Mimica continued with The Inspector Comes Home (Inspektor se vratio kući, 1959), The Egg (1959),  Mala kronika (1962) and Typhus (Tifusari, 1963) before moving on the live-action world again. His last animated film was The Firemen (Vatrogasci, 1971).

In The Inspector Comes Home (screened at the very first Annecy Festival in 1960), an inspector walks the streets of the town, carefully trying to avoid danger. At home he washes his feet and reads the newspaper. Suddenly he notices a fingerprint starting to run away. The inspector stalks its trail all over town. In the end he realises that he has been pursuing the print of his own finger.

Mimica has stated he learnt cinematic mise-en-scene by watching Billy Wilder films. The film (character designed by Aleksandar Marks, with backgrounds by Zlakto Bourek) certainly features a kind of wry humour, yet in a distinctive visual way. Just check the middle part of the film, where the inspector looks for the suspect fingerprint. Instead of himself running to get it, the different city backgrounds appear one after the other, just like stage curtains, with the main character essentially immobilized. It is as if the city itself orchestrates the inspector's own movements, with all the poignant connotations that would imply. Newspaper clips, Hollywood starlets, a jazzy soundtrack and a plot which becomes visually even more complicated and abstract than it had already been, makes this a really distinctive, convoluted, animated film noir.

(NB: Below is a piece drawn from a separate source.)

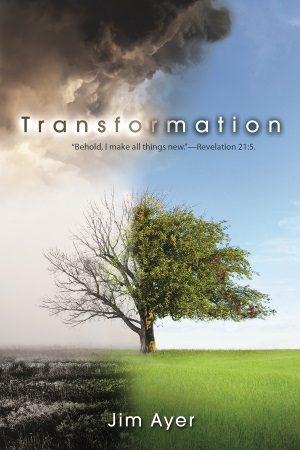Transformation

According to Daniel Šuljić‎, artistic director of Animafest Zagreb, Mimica was "One of the visually most radical at that time, bringing the art form to a new level, reducing limited animation even further and bringing new themes to animation. He was a director and writer, didn't draw himself, but still had an impact on the world animation which lasts till today"

In his programme notes for a Mimica retrospective (Tuskanac cinema, Zagreb), Damir Radić writes:

Unlike his feature films, in which he tried to master the genre structures, in his animated films Mimica demonstrated his exquisite modernist self-confidence and always managed to find lucid and innovative artistic ways of expression. In many cases he relied on the experience of the contemporary artistic movements (for example Exat 51), as well as the modern animation trends of the Stephen Bosustow studio and of the other anti-Disney animators 

Mimica hilmself talked about his animation period (to Kinoeye):  

Their different approach was a reaction to the ideologism and regimentation of the time. For me it was a form of resistance - Vatroslav Mimica

He would still go on to say that, once he got the seal of approval, no one would interfere with his own work.